Laut Marko muss man daher "herausfinden, wo wir technisch falsch abgebogen sind". Doch das sei "eine schwierige Aufgabe, weil wir seither sehr viele neue Teile ans Auto gebracht haben", erinnert er und ergänzt: "Darüber hinaus glauben wir: Der Abgleich von Erkenntnissen aus Windkanal und von der Rennstrecke ist ebenfalls Teil des Problems."

"Ich denke, dass der Windkanal seine Grenzen hat, und deshalb haben wir in einen neuen investiert", bestätigt Horner, der aber auch betont: "Ich denke, der Windkanal trägt vielleicht dazu bei, aber er ist nicht der Grund dafür, wo wir stehen."

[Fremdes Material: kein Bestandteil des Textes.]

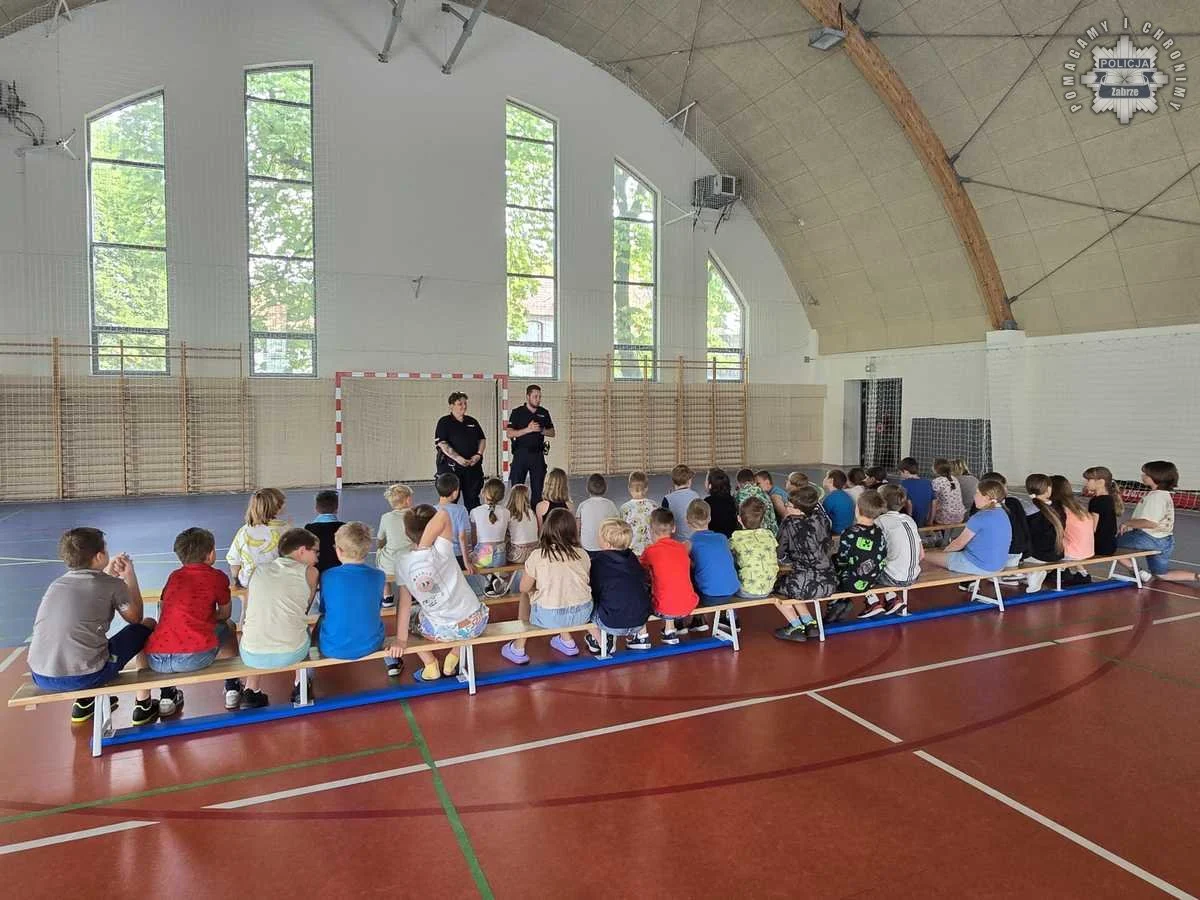 Zabrzański dzielnicowy edukował uczniów o bezpieczeństwie i cyberzagrożeniach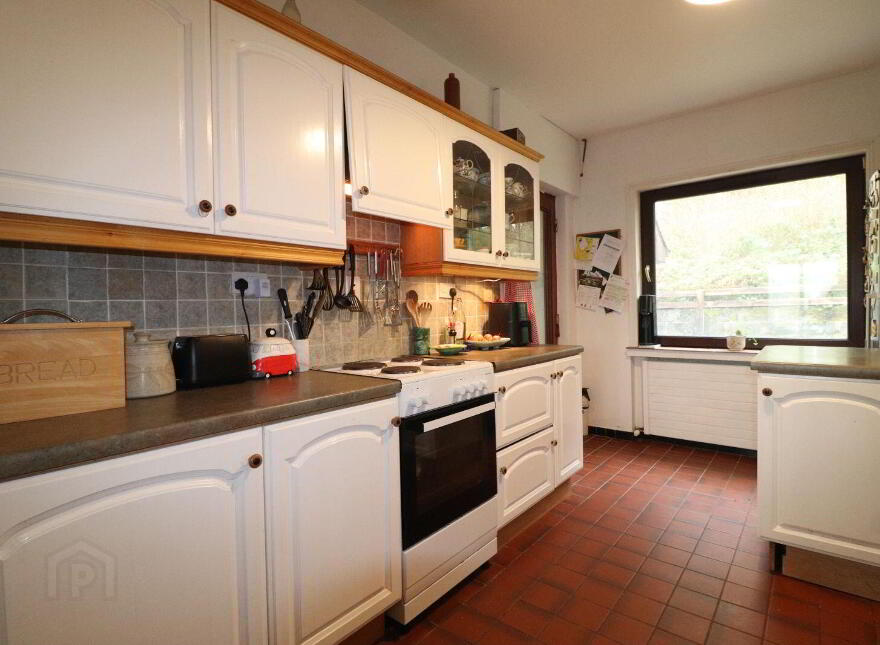 Ballyvally, Killaloe, V94K0HE
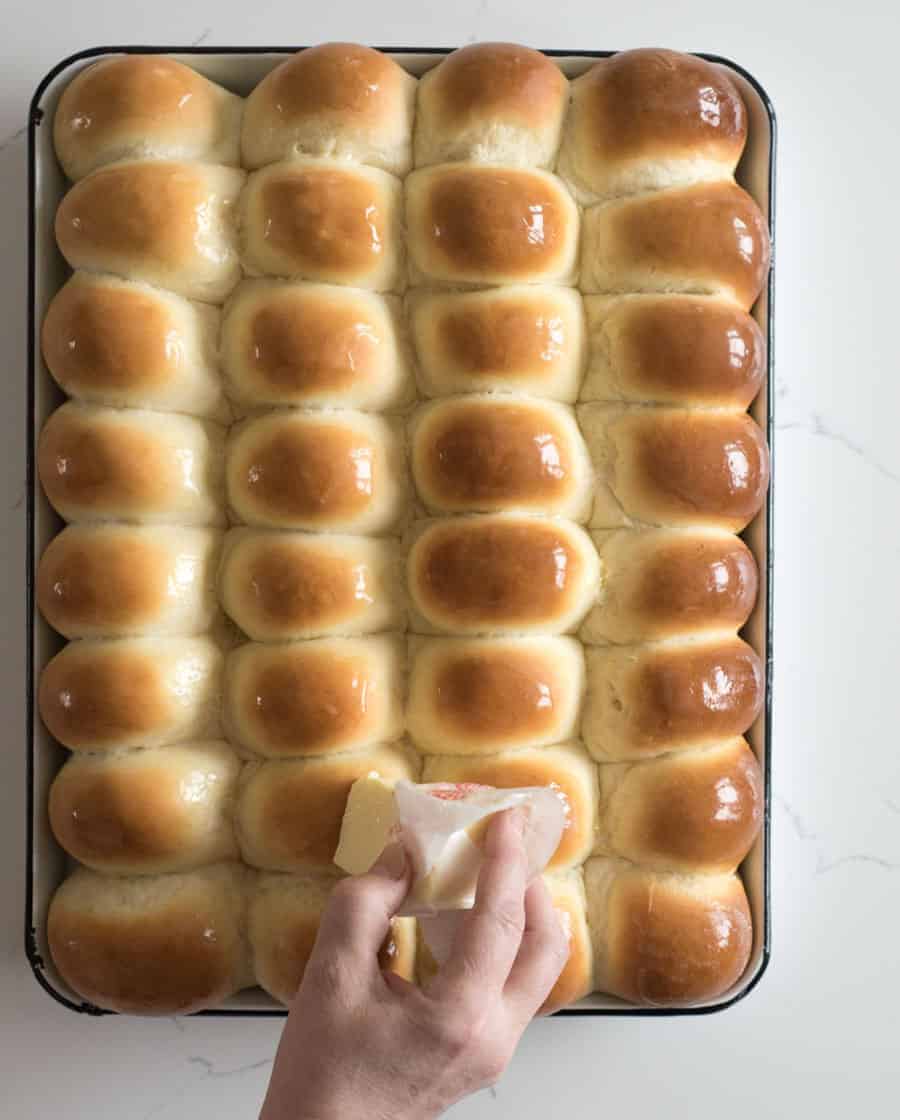 The BEST Dinner Rolls - Mom On Timeout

Hoffnung für den Rest der Saison macht dem Teamchef derweil die Tatsache, dass Red Bull in diesem Jahr in der Hackordnung "sehr schnell" zurückgefallen sei. Denn das das Kräfteverhältnis "so schnell in die eine Richtung schwingen kann, bedeutet, es kann auch schnell in die andere Richtung zurückschwingen", so Horner.

Horner versichert: Verstappen hängt sich voll rein

Heißt: Seiner Meinung nach ist es möglich, dass Red Bull genauso schnell wieder in die Erfolgsspur zurückfindet, wie man zurückgefallen ist. Auch die öffentliche Kritik von Verstappen nimmt er dem Weltmeister daher nicht übel - im Gegenteil.

"Was mich bei Max wirklich beeindruckt hat, ist, dass er sich auf diesen Prozess einlässt. Er gerät nicht in Panik. Er arbeitet mit den Ingenieuren zusammen. Er erklärt sehr deutlich, wo die Probleme liegen. Er nimmt sich die Zeit und gibt sich Mühe", betont Horner.

Der Weltmeister sei beispielsweise in Monza bereits früh an der Strecke gewesen und sitze auch vor Baku wieder im Simulator, um bei der Problemlösung zu helfen. "Er arbeitet wirklich hart daran. Und ich denke, er hat große Reife als Weltmeister bewiesen, so wie er mit der Technikgruppe arbeitet", lobt Horner.

"Niemandem gefällt die Situation, in der wir uns im Moment befinden. Niemand ist damit glücklich. Und wir müssen wirklich hart arbeiten, um das Blatt zu wenden. Aber was dieses Team hat, ist Stärke, Tiefe und Talent. Und wir werden zurückkommen", kündigt er selbstbewusst an.